Matt Wells, creator of Gigablast, announces the release of Gigablast 2.0 which is supposed to double the speed of query responses, increase the importance of phrase matching in the relevance ranking, and started a full update to the database.
Gigablast has moved beyond being just a one person operation. They now have a management team page with a new Chief Management Officer and Chief Scientist. I hope this means they have some funding and can expand the Gigablast database to include more pages and to refresh them much more frequently.
New search engine Gigablast is starting to expand. Yesterday they launched a Swedish/Scandinavian version at gigablast.nu. It looks like the same database with the addition of a Swedish language limit. The design of the site is much nicer than gigablast.com but the advanced search does not have all the same options.

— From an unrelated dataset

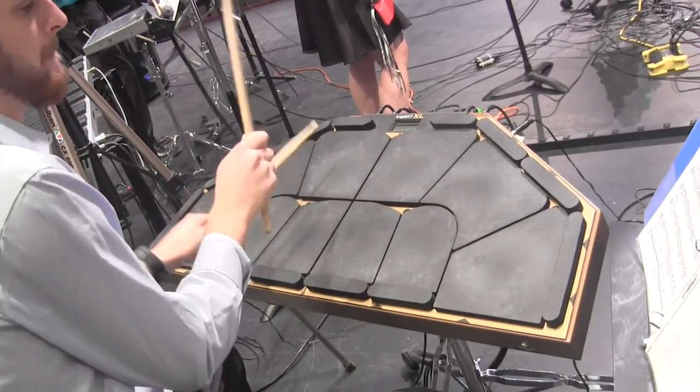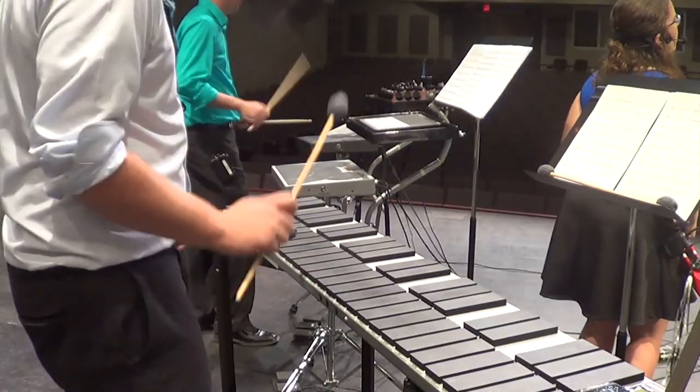I think the biggest thing is just emphasizing that this is bringing the latest in music technology to Delta State, and it's giving our students experience with the absolute most recent, cutting-edge technology out there for us.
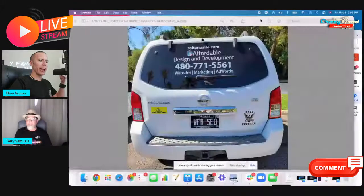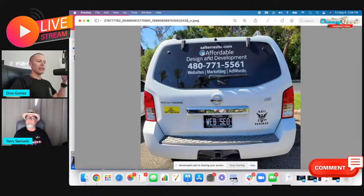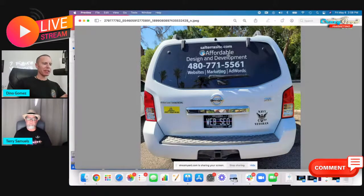This is crazy good marketing — we're even talking about how to drive and which lane to drive in to maximize the decals on your car. Let me share my screen and pull up what Terry has. This is Terry's Pathfinder with his website right at the top: SalterraSite.com. A nice benefit-driven statement — 'Affordable design and development.' The biggest text I see is what I'm assuming is the call tracking number.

They are accepting advertising which may well help to support continued development of Gigablast. More information is available on their About page.
Gigablast may be around for awhile if it can make a go at offering site search to paying customers. The announcement appeared on their site today stating that "for a teeny fraction of the other guys' prices you can have an account on Gigablast.com that can support millions of web pages." Of course, the monthly price for a million page site still costs US$2,500.
GigaBlast launched in beta today. While much smaller than the recently launched Openfind, it offers some nice advantages. It includes cached copies of the pages it indexes, like Google. It includes an advanced search, date sorting, field searching, and excellent reporting of both the date spidered and the last modified date. It does lack full Boolean, truncation, and other advanced search features. See the Search Engine Showdown review for more on its search features.